Na Fairouz is het tijd voor reflectie vanuit de zaal. De gespreksdeelnemers keren terug naar het podium. Hany en Mohammed gaan automatisch aan de linker-, Truus en Shai aan de rechterkant van Luyendijk zitten. Keurig gescheiden van elkaar. Vrijwel meteen realiseren ze zich dat dit niet het beeld oproept dat ze willen uitdragen. Snel wisselen Hany en Shai van plaats, waardoor ze om en om komen te zitten. Applaus.

Verschillende toeschouwers bedanken de sprekers voor hun vermogen om zich publiekelijk kwetsbaar op te stellen. Ze zijn ontroerd over het verloop van de avond en hebben het idee dat ze iets beter begrijpen wat er in het hoofd van ‘de ander’ omgaat. Sommigen realiseren zich eens te meer dat ze geen vijanden zijn van elkaar. Propaganda en ontmenselijking, dát zijn de echte problemen. Ook de opkomst van extreemrechts in Europa wordt genoemd.

Een Europees probleem

In de loop van het gesprek ontstaat er enige discussie over de relatie tussen moslims en Joden in het Midden-Oosten voorafgaand aan de stichting van de staat Israël. Meteen klinkt er gemor: een dergelijke discussie, of debat, behoorde niet tot de opzet van de avond. Het gemor verdwijnt als vanuit het publiek een vraag wordt gesteld: wie bepaalt er eigenlijk of je ‘skin in the game’ hebt? De sprekers komen er niet goed uit. Je kunt het niet voor iemand anders bepalen, dat is zeker.

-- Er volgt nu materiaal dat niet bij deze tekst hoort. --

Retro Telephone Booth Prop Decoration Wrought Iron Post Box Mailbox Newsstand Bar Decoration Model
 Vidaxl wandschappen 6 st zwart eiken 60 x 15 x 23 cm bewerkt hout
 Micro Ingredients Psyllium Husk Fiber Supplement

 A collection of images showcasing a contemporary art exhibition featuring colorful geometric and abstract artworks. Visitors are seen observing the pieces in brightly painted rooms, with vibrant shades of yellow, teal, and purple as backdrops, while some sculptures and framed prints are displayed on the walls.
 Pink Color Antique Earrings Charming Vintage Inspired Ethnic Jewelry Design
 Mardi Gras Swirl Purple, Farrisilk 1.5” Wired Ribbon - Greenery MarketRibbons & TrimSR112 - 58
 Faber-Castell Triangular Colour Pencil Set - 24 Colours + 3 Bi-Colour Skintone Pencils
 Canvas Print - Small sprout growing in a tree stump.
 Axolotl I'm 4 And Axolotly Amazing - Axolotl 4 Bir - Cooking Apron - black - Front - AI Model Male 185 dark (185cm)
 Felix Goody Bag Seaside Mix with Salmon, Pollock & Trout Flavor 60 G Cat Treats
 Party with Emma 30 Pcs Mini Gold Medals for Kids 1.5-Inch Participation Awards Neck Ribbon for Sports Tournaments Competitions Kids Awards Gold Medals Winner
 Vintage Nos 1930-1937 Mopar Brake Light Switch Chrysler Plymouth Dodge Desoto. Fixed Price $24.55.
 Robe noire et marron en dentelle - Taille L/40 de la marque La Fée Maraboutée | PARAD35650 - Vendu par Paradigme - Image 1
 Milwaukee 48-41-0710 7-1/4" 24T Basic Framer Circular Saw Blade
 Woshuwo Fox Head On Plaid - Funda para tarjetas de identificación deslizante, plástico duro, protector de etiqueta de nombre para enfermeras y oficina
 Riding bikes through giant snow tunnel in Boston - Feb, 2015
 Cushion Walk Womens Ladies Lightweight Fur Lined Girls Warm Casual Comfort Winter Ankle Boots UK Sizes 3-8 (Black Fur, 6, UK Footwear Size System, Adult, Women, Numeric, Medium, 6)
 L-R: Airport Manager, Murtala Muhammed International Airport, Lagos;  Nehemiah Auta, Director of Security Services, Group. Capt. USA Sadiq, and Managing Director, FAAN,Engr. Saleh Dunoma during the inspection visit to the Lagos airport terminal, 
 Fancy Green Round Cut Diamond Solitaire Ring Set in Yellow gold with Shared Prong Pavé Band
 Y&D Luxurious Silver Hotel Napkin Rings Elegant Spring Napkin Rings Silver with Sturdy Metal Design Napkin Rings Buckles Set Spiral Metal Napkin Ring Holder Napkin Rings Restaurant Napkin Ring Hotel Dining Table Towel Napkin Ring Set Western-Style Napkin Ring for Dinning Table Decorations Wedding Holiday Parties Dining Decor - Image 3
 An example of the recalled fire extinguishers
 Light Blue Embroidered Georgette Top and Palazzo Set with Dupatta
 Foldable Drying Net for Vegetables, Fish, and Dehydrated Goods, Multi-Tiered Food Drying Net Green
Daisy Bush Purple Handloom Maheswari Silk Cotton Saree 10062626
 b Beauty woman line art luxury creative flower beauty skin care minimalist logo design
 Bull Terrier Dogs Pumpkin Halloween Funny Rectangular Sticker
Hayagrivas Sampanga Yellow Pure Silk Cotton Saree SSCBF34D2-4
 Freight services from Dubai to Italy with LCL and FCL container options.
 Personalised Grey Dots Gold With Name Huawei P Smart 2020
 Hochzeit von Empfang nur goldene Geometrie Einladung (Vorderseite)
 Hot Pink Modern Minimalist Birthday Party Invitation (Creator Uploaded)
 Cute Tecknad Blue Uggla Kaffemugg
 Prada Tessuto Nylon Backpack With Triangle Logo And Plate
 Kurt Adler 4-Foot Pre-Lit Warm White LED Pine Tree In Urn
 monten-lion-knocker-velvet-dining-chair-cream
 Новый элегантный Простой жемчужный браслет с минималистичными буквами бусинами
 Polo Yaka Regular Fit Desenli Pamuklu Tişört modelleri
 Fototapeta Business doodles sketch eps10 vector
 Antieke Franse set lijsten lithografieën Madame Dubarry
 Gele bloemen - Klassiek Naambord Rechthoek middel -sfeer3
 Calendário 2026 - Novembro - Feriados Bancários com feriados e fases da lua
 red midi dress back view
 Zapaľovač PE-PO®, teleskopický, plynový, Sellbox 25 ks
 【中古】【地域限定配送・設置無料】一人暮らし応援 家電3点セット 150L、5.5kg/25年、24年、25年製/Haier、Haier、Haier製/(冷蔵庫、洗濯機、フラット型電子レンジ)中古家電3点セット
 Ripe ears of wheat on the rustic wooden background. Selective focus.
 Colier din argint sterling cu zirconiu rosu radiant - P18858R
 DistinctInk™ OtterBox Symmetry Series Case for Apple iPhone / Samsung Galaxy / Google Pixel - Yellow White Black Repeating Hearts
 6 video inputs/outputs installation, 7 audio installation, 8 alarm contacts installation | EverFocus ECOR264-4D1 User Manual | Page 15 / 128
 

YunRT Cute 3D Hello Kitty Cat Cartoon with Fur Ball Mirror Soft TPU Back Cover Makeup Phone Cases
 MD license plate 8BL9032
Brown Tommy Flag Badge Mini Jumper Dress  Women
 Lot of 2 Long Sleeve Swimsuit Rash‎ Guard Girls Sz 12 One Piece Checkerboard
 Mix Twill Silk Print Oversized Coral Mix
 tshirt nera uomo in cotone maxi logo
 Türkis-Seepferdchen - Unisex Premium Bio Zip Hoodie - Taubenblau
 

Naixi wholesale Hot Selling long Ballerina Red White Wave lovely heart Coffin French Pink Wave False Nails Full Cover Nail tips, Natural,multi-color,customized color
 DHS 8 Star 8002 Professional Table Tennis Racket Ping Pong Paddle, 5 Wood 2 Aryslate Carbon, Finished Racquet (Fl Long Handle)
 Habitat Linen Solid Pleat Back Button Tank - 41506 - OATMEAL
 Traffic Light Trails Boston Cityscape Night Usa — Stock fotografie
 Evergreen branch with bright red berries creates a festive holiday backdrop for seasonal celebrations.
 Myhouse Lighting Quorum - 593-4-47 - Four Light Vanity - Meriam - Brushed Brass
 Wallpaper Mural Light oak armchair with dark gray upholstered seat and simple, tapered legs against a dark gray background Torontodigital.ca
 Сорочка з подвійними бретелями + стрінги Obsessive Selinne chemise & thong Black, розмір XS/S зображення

Als laatste komt cabaretier Micha Wertheim aan het woord, die zichzelf introduceert als ‘de zoon van Truus’. Hij wijst erop dat de ellende die zich in Israël afspeelt een erfenis is van wat ooit in Europa begonnen is. Daarom vindt hij dat er sprake is van een Europees probleem. Hoewel het kan voelen alsof Europeanen geen skin in the game hebben, is het tegendeel het geval. Om op Wertheimiaanse wijze af te sluiten: ‘Als er één groep is die skin in the game heeft, dan zijn het de mensen die denken dat ze dat niet hebben. We hebben allemaal skin – dat is de game.’